- WHAT THE EXERCISE ASKS
Return each line of the records holding the string "Dress".

- AVAILABLE DATA
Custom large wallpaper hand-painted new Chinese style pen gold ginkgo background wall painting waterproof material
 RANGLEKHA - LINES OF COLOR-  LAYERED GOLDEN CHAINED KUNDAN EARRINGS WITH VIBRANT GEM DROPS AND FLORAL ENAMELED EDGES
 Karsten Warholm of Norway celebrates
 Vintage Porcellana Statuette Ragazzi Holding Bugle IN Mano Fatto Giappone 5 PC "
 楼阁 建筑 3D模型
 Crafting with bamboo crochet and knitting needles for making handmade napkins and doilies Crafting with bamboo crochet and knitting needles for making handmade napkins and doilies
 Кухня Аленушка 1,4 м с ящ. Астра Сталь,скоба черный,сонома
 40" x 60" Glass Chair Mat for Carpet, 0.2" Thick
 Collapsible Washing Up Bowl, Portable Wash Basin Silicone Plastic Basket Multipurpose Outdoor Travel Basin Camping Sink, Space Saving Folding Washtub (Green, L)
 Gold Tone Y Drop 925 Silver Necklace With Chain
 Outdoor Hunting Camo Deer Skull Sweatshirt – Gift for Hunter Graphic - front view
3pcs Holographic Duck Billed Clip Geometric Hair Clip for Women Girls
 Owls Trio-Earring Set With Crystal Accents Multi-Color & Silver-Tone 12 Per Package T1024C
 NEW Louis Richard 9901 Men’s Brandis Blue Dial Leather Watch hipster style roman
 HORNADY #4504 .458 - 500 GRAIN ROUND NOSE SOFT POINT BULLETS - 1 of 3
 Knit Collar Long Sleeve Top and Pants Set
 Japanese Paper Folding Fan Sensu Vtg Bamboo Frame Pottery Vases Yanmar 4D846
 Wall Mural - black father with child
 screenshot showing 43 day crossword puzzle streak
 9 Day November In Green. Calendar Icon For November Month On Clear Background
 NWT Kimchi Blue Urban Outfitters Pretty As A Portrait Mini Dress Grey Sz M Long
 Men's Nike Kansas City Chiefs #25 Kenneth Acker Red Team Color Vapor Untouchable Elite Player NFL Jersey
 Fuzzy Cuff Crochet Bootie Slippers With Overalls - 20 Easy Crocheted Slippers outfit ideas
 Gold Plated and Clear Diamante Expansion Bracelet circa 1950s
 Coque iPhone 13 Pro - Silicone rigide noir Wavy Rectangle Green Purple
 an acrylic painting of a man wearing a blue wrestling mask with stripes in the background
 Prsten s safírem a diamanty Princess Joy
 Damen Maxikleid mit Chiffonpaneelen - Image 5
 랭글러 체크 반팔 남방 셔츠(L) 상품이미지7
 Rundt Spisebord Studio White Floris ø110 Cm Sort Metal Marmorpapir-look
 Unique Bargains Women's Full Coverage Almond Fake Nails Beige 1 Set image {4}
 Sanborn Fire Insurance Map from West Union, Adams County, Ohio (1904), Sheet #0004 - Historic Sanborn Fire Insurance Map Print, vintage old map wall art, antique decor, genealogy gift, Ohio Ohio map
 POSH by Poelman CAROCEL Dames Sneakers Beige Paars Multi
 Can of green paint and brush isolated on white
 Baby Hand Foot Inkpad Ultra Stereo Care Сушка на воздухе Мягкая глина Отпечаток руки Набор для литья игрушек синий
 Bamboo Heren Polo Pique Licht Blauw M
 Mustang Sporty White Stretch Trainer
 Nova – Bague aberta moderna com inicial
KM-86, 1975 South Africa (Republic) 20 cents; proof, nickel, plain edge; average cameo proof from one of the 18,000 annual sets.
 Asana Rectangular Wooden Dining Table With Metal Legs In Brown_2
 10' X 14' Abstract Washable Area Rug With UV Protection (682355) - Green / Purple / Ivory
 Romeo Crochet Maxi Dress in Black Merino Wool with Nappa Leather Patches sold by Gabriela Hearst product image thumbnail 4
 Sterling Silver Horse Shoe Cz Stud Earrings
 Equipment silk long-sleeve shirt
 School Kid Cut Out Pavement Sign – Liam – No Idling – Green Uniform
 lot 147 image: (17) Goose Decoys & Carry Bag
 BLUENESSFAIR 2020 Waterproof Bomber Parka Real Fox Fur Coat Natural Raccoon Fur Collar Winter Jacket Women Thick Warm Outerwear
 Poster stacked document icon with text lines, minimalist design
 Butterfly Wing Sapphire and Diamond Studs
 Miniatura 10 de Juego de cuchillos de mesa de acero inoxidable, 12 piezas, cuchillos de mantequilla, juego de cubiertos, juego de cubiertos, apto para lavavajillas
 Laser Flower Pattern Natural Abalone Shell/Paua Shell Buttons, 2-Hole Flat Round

- ANSWER TO THE EXERCISE
 NWT Kimchi Blue Urban Outfitters Pretty As A Portrait Mini Dress Grey Sz M Long
 Romeo Crochet Maxi Dress in Black Merino Wool with Nappa Leather Patches sold by Gabriela Hearst product image thumbnail 4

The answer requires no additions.